◆ **The task**:
Output what the records say, word for word, with no images.

◆ **Data**:
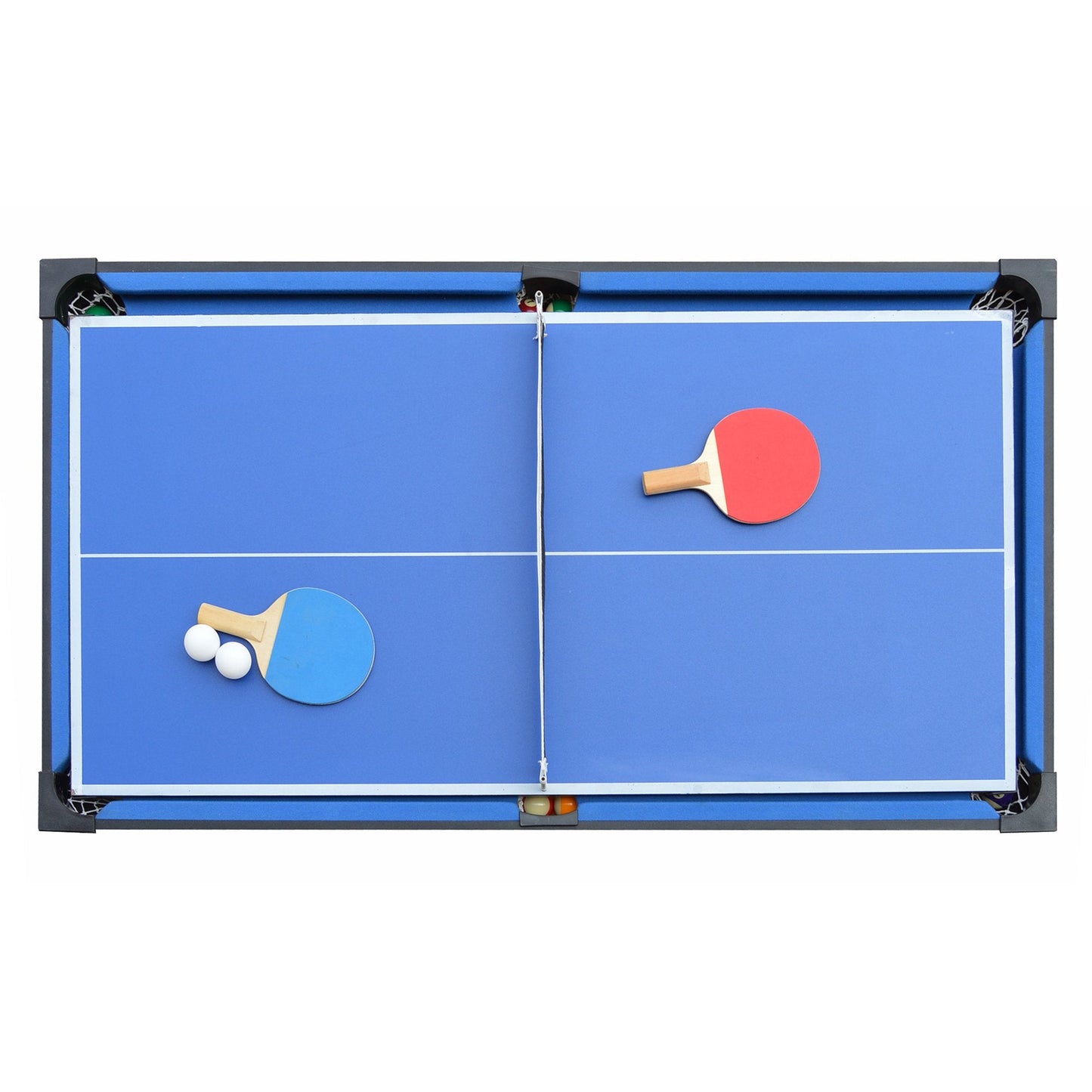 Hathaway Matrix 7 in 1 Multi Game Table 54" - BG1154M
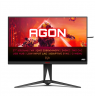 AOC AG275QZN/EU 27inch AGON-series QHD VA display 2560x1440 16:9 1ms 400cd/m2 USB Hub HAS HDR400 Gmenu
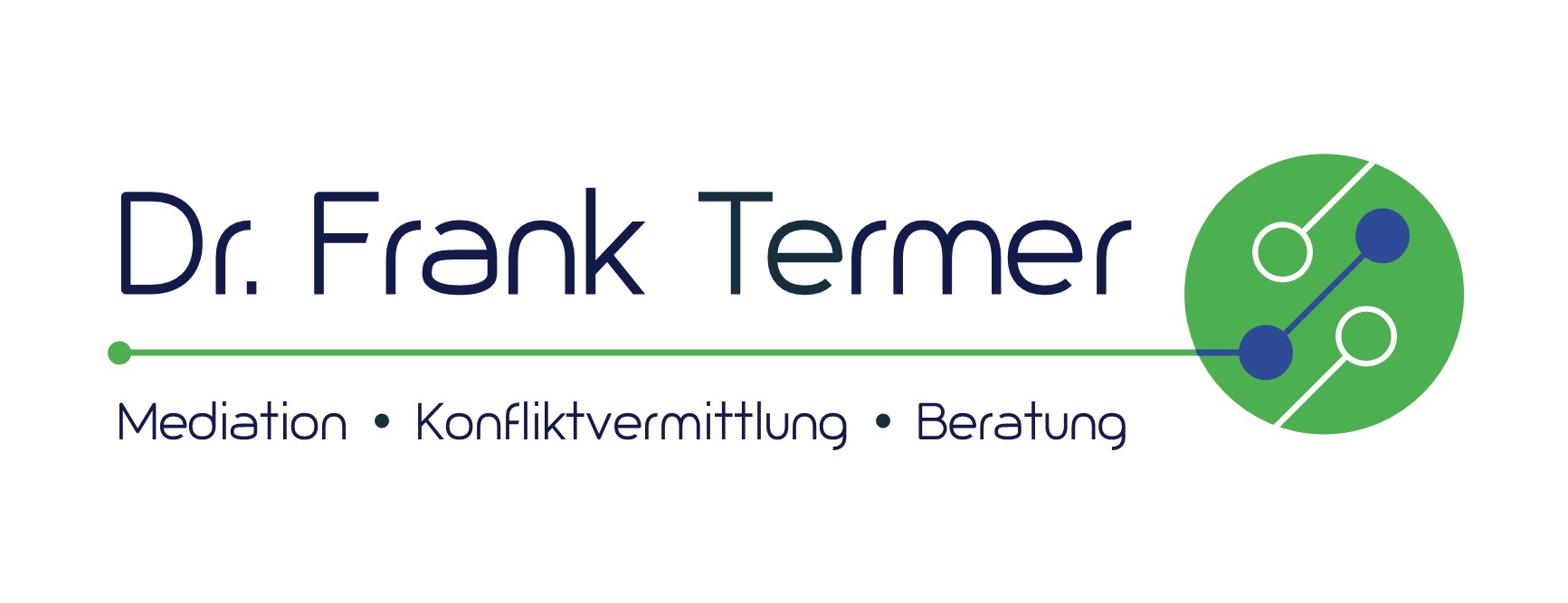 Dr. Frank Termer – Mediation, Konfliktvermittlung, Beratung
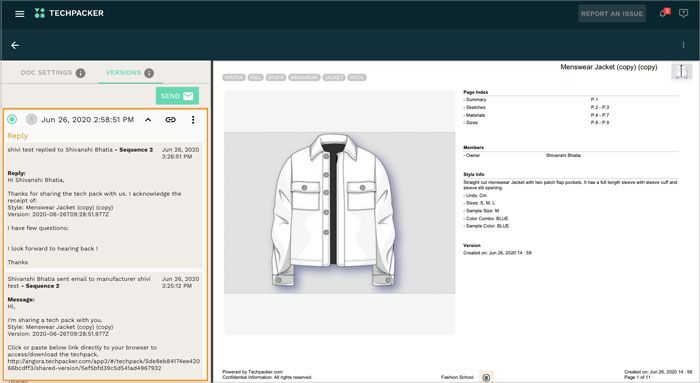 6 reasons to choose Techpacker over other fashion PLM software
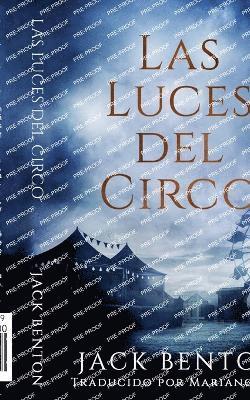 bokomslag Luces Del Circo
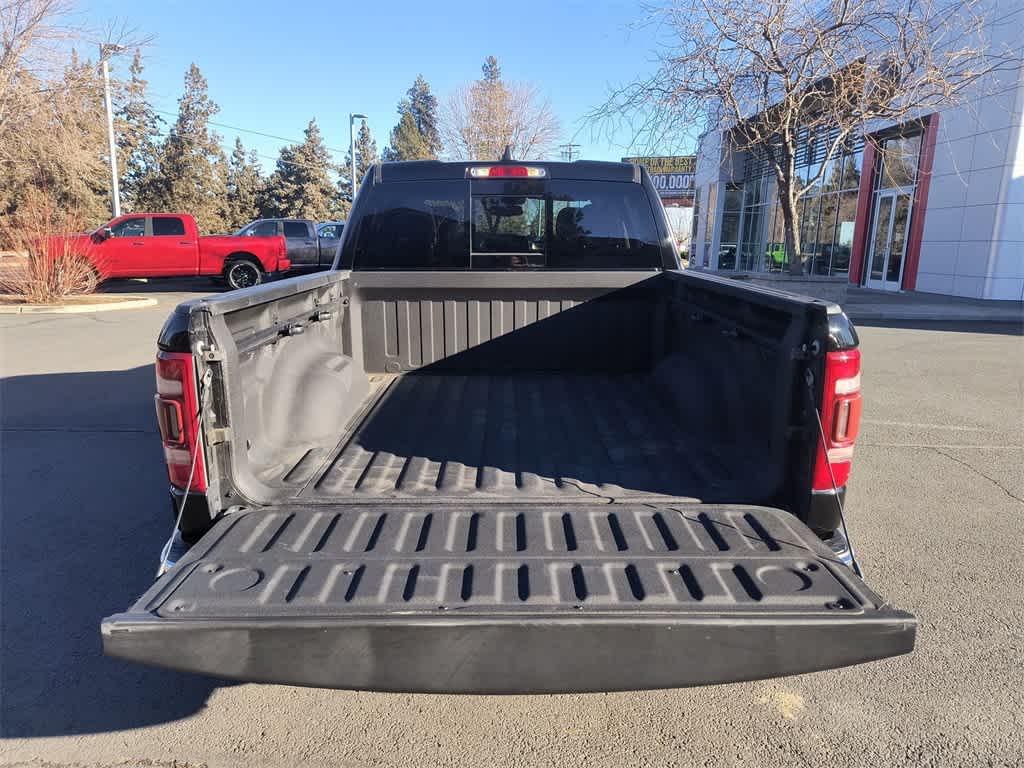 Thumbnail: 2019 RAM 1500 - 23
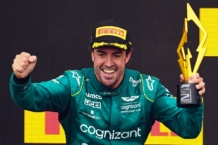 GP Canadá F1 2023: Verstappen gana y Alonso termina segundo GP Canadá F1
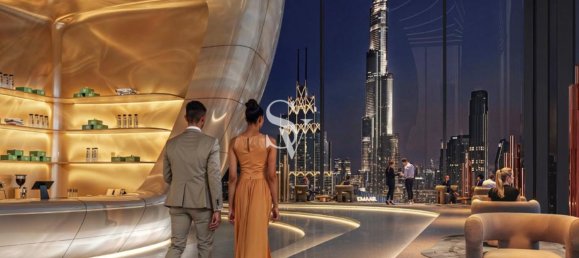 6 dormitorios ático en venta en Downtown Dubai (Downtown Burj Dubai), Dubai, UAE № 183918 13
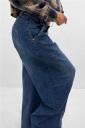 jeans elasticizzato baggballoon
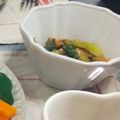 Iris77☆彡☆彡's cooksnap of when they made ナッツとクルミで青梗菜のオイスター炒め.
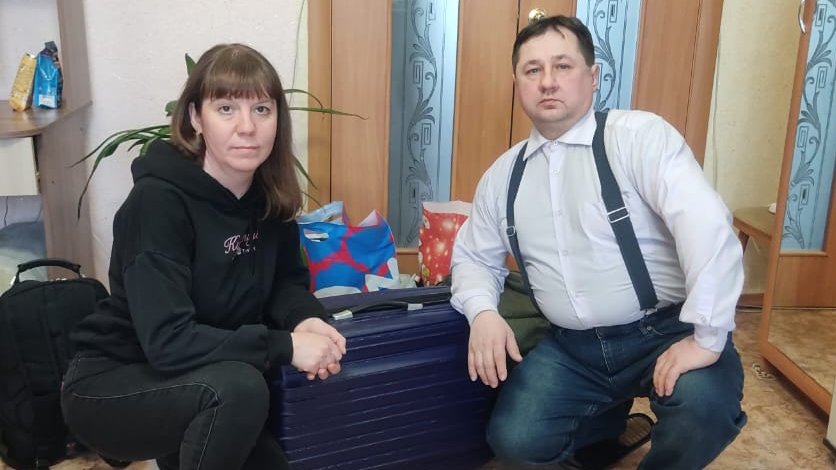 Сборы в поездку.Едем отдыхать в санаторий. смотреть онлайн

◆ **Answer for this exercise**:
 Hathaway Matrix 7 in 1 Multi Game Table 54" - BG1154M
 AOC AG275QZN/EU 27inch AGON-series QHD VA display 2560x1440 16:9 1ms 400cd/m2 USB Hub HAS HDR400 Gmenu
 Dr. Frank Termer – Mediation, Konfliktvermittlung, Beratung
 6 reasons to choose Techpacker over other fashion PLM software
 bokomslag Luces Del Circo
 Thumbnail: 2019 RAM 1500 - 23
 GP Canadá F1 2023: Verstappen gana y Alonso termina segundo GP Canadá F1
 6 dormitorios ático en venta en Downtown Dubai (Downtown Burj Dubai), Dubai, UAE № 183918 13
 jeans elasticizzato baggballoon
 Iris77☆彡☆彡's cooksnap of when they made ナッツとクルミで青梗菜のオイスター炒め.
 Сборы в поездку.Едем отдыхать в санаторий. смотреть онлайн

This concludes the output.